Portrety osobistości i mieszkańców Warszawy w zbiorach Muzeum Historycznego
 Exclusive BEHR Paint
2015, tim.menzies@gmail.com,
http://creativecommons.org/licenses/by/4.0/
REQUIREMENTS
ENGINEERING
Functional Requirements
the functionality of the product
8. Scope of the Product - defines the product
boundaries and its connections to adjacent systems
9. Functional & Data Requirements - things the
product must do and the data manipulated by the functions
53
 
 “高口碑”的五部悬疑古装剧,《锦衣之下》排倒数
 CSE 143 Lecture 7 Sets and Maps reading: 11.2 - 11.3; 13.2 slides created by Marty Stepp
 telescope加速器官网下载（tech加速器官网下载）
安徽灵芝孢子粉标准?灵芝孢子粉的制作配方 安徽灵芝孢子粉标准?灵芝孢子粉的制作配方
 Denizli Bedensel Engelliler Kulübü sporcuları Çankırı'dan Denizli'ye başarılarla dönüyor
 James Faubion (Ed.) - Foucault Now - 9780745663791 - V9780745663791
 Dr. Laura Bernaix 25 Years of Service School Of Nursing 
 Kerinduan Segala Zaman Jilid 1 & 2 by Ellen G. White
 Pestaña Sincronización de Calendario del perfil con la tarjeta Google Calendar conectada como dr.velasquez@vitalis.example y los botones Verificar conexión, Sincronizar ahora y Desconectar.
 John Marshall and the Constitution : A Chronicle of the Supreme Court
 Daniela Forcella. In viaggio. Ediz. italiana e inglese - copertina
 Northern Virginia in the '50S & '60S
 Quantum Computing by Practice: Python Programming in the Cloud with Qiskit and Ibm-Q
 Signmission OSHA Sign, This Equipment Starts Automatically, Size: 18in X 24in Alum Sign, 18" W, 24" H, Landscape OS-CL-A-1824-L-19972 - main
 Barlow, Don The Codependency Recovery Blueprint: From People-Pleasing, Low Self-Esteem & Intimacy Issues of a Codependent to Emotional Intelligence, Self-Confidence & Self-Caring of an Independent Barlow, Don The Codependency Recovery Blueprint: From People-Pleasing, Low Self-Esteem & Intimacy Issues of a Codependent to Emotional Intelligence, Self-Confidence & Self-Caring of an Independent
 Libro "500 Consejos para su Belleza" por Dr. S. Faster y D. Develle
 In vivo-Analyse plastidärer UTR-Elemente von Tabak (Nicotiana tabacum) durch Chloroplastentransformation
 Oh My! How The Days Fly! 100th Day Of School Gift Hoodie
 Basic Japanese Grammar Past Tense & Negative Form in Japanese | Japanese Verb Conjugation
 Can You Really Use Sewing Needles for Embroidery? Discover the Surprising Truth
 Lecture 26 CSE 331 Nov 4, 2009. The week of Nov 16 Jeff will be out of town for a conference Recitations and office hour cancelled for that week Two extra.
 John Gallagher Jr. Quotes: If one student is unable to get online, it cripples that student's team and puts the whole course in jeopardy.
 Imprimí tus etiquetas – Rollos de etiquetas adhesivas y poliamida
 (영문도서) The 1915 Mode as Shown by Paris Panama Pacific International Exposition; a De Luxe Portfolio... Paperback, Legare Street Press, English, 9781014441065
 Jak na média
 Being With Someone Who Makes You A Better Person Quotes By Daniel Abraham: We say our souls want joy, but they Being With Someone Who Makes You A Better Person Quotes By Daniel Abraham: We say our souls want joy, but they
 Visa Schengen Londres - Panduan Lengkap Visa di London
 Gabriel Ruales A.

════════════════════

## Problem details
Search the data above for the word "Quotes". Copy each line it is in.

## Task output
 John Gallagher Jr. Quotes: If one student is unable to get online, it cripples that student's team and puts the whole course in jeopardy.
 Being With Someone Who Makes You A Better Person Quotes By Daniel Abraham: We say our souls want joy, but they Being With Someone Who Makes You A Better Person Quotes By Daniel Abraham: We say our souls want joy, but they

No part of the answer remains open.